• ABOUT THIS EXERCISE
Please repeat the listing exactly, starting at its first line and stopping after the line that contains "O Drolatic de Etienne Carjat".

• WORKING DATA
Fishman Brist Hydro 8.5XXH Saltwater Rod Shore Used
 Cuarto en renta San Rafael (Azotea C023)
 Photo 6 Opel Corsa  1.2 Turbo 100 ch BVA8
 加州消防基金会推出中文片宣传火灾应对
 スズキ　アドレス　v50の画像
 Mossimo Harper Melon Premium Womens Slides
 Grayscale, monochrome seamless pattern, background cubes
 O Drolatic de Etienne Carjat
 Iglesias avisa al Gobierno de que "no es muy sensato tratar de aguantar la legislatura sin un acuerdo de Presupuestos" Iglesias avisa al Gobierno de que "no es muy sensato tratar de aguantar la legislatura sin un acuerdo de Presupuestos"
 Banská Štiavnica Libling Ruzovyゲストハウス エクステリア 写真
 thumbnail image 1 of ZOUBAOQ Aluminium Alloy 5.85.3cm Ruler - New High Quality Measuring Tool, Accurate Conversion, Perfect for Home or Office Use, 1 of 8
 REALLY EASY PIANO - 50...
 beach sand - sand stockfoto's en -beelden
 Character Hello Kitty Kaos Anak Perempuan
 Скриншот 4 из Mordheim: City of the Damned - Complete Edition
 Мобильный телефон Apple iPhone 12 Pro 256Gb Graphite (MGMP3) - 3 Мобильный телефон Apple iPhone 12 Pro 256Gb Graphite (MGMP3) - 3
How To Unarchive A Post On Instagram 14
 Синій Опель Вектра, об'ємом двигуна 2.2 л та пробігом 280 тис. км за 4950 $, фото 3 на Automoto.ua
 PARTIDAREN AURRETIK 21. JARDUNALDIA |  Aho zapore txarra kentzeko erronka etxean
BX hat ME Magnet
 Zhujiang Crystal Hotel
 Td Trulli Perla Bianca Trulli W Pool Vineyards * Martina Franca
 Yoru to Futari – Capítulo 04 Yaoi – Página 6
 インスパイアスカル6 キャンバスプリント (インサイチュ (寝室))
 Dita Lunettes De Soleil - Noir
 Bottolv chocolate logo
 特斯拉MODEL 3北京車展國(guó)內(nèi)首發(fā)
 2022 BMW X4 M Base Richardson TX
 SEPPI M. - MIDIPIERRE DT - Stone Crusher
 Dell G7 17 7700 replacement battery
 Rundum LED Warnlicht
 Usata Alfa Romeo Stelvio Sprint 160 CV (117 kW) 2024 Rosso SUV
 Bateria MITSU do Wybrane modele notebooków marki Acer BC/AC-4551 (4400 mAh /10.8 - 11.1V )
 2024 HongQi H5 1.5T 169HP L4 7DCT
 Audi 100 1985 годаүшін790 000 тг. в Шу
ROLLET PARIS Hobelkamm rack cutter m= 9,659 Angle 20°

• ANSWER BELOW
Fishman Brist Hydro 8.5XXH Saltwater Rod Shore Used
 Cuarto en renta San Rafael (Azotea C023)
 Photo 6 Opel Corsa  1.2 Turbo 100 ch BVA8
 加州消防基金会推出中文片宣传火灾应对
 スズキ　アドレス　v50の画像
 Mossimo Harper Melon Premium Womens Slides
 Grayscale, monochrome seamless pattern, background cubes
 O Drolatic de Etienne Carjat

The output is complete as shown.